Donc voici un livre très original, comme écrit d’une traite, sans chapitres, avec un blanc entre chaque phrase, et quelques paragraphes. Il s’y étale, s’y rétame, se cherche et moi je me demande si ce qu’il raconte est véridique car il y parle de choses intimes comme de sa femme qui n’en peut plus et le quitte, la maîtresse qui lui colle aux basques, les tentations diverses. Il ne se gêne pas non plus pour cracher sur certaines institutions, des journalistes, des politiques… C’est cash. Il consacre un passage (un peu long pour moi) à la finance, son fond de commerce, et particulièrement au VIX, indice de volatilité des marchés financiers, ça ne m’a pas trop interpellée. Contrairement à d’autres de ses préoccupations comme l’intelligence artificielle ou les robots, plus abordables. Parfois, il va se servir un verre et, chaque fois, il termine la bouteille. Il picole sec. Alors il va courir pour éliminer. Et puis il raconte son pote Pacôme à tête d’Arabe — il l’est à demi — qui provoque inévitablement des contrôles policiers et maintes fouilles de voiture sur leurs trajets. Il parle aussi beaucoup de son fils, le petit dernier, et de foot dont ils sont fans. Impossible d’énumérer les sujets abordés dans ce livre mais si vous aimez le personnage, vous apprécierez. Sinon, je ne sais pas, c’est expérimental, nouveau, intéressant de toute façon. A voir.

Sur ce lien, Denis Robert parle de son livre.

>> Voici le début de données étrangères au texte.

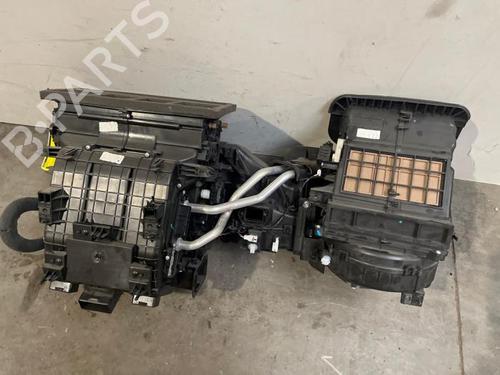 heater-matrix-box-mercedes-benz-x-class-470-2017-2018-2019-2020-38823323 main image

Les rapports humains de Denis Robert, 2017 aux éditions Julliard. 278 pages, 19 €.

Texte © dominique Cozette

Un mauvais garçon que j’aime bien

Je parle de Nan Aurousseau, ex-voyou, ex-taulard et aujourd’hui écrivain. Son dernier livre La ballade du mauvais garçon est une sorte de biographie composée de brèves de vie car il saute allègrement du coq à l’âne sans que la lecture en soit gênée. Ça commence avec  l’anecdote de son premier livre écrit en six semaines, Bleu de chauffe, qu’il envoie, faute de thune, à un seul éditeur dont il avait appris qu’il lisait tous les manuscrits : Jean-Marc Roberts, chez Stock. Il oublie d’indiquer son adresse et un téléphone. Et quelques jours plus tard, il reçoit un télégramme de l’éditeur emballé qui l’a retrouvé grâce à une histoire compliquée de Minitel…
A partir de là, il déroule ses années de dèche, ses années de casse, ses dures années de taule où il a gâché sa jeunesse mais passé des diplômes pour alléger sa peine, ses amours qui se finissaient toutes par ses affaires jetées sur le trottoir. Ses triches pour faire semblant de bien vouloir travailler dans une boîte afin de profiter de la liberté conditionnelle puis, dès qu’il n’en avait plus l’utilité, sa reprise de la vie de bohème, de squatt. Mais aussi sa volonté tenace de ne plus retomber, résister aux vieux potes et leurs coups très sûrs, aux armes pour se venger des pourris. Sa force réside dans le fait qu’il se fout du confort, des valeurs bourgeoises, du fric et qu’il vit très sobrement, ni alcool, ni dope, ni clope. Ça aide. Et son énorme désir de réussir sa vie d’artiste, c’est à dire partager ses histoires sur écran ou dans des pages.
Il les raconte plutôt bien dans cet opus car c’est enlevé, féroce, drôle. Il nous fait revenir dans le vieux Paris de sa jeunesse qui était un Paris de petits quartiers où tout le monde se connaissait, où on se logeait pour des nèfles, où on pouvait entreposer des voitures volées au cas où, sans qu’elles disparaissent. Il nous emmène à Fleury-Mérogis puis dans un des centres de rétention les plus durs où il vivra d’âpres expériences avec des directeurs sadiques et, un peu plus tard dans le livre, on se trouvera à dîner chez Claude Berri avec Gainsbourg, discuter avec JM Roberts, avec la belle Tina Aumont dans l’équipe de La bande du Rex dont il a écrit le scenario, et toute sorte de personnages importants de cette fin de siècle. Néanmoins, il ne réussit jamais à sortir un grand film.

Nan Aurousseau. La ballade du mauvais garçon chez Stock. 2014. 334 pages, 20 €.